2024/7/30 (some excerpts)
While Meta was training the Llama 3 large-scale language model, it became clear that it was suffering from frequent breakdowns of the NVIDIA H100 GPU. According to research recently published by Meta, during the 54-day training period using a cluster composed of 16,384 NVIDIA H100 80GB GPUs, unexpected component failures occurred at an average rate of once every 3 hours. More than half of this astonishing frequency of failures were due to the GPU or its onboard memory.
GPUs are important, but the results suggest issues with reliability
The Meta research team conducted 54 days of training on the Llama 3 405B model. The cluster experienced a total of 466 job interruptions during this period. Of these, 47 were due to planned maintenance, while the remaining 419 were due to unexpected failures. If you look at the breakdown of these unexpected interruptions, you can see that GPU-related issues are the biggest factor.
Specifically, 58.7% of unexpected interruptions were due to GPU-related issues. Among them, 30.1% were due to various GPU failures (including NVLink failures), and 17.2% were due to HBM3 memory failures. The NVIDIA H100 GPU consumes extremely high power of about 700W, and considering that it is exposed to thermal stress associated with it, the frequency of these failures may not be surprising.
Meanwhile, there were only 2 CPU failures, and the result was that the vulnerability of GPUs stood out. This suggests that while GPUs play an important role in modern large-scale AI training, there are issues with their reliability.

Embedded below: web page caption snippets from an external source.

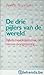 De drie pijlers van de wereld - Bijbels meedenken met de nieu... by Benoît Standaert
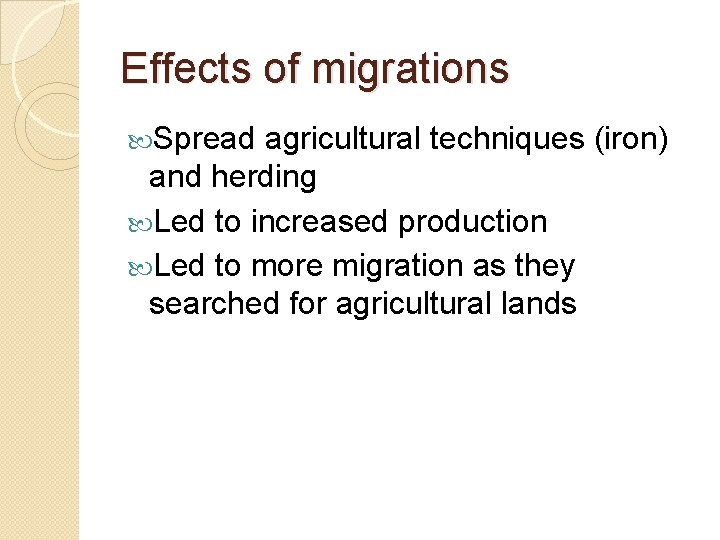 Effects of migrations Spread agricultural techniques (iron) and herding Led to increased production Led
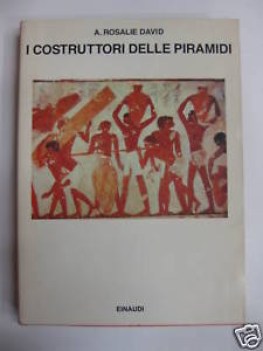 costruttori delle piramidi unindagine sugli operai del faraone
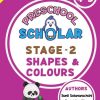 Preschool Scholar – Stage 2 Shapes and Colours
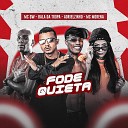 Bala da Tropa Adrielzinho feat MC MORENA - Fode Quieta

It became clear that not only GPU failure, but also environmental factors had an impact on training performance that could not be ignored. There was a 1-2% fluctuation in GPU throughput due to temperature fluctuations during the day. This is thought to be because the dynamic voltage/frequency scaling of the GPU was affected by temperature changes.

Furthermore, it was discovered that fluctuations in simultaneous power consumption of tens of thousands of GPUs placed a heavy load on the power grid of data centers. These fluctuations sometimes reached tens of megawatts, reaching the limits of the power grid. This shows the need for Meta to secure sufficient power supply for future AI training.
Despite such frequent failures, the Meta team succeeded in maintaining a high effective training time of over 90%. This is because the multiple strategies they have adopted have worked effectively.

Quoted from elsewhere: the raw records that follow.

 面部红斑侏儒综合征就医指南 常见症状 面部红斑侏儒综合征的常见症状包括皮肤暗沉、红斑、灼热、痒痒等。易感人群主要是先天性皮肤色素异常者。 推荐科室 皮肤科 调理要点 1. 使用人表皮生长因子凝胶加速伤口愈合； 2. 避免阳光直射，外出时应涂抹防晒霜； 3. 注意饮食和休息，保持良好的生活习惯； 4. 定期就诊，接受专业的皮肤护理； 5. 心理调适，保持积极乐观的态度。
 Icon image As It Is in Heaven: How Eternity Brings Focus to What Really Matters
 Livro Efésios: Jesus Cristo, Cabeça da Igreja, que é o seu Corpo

First, we worked on shortening job startup time and checkpoint creation time. Thus, downtime when a failure occurs can be minimized. Next, a unique diagnostic tool was developed to enable rapid identification and resolution of problems.

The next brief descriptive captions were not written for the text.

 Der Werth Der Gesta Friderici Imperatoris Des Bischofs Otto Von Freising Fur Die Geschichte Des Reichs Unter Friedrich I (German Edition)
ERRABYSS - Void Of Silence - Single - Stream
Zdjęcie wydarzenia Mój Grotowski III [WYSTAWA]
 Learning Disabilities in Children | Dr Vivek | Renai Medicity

Furthermore, PyTorch's NCCL Flight Recorder was used to diagnose and resolve hangups and performance issues related to NCCLX in particular. This tool captured collective communication metadata and stack traces, and contributed to the rapid resolution of problems.
We have also developed a specialized tool for identifying “stragling GPUs” that reduce the processing speed of other GPUs. Thus, problematic communication can be preferentially detected and resolved in a timely manner, thereby maintaining overall training efficiency.

The fact that Meta's 16,384 GPU-scale cluster experienced 419 failures over 54 days (7.76 times per 24 hours, or approximately once every 3 hours) gives important implications about the reliability of larger AI training clusters.

For example, a cluster composed of 100,000 H100 GPUs owned by xAI is about 6 times larger than Meta's cluster. Assuming similar failure rates, there is a possibility that even more frequent failures will occur in xAI clusters. This prediction suggests that ensuring reliability in large-scale AI training will become increasingly important in the future.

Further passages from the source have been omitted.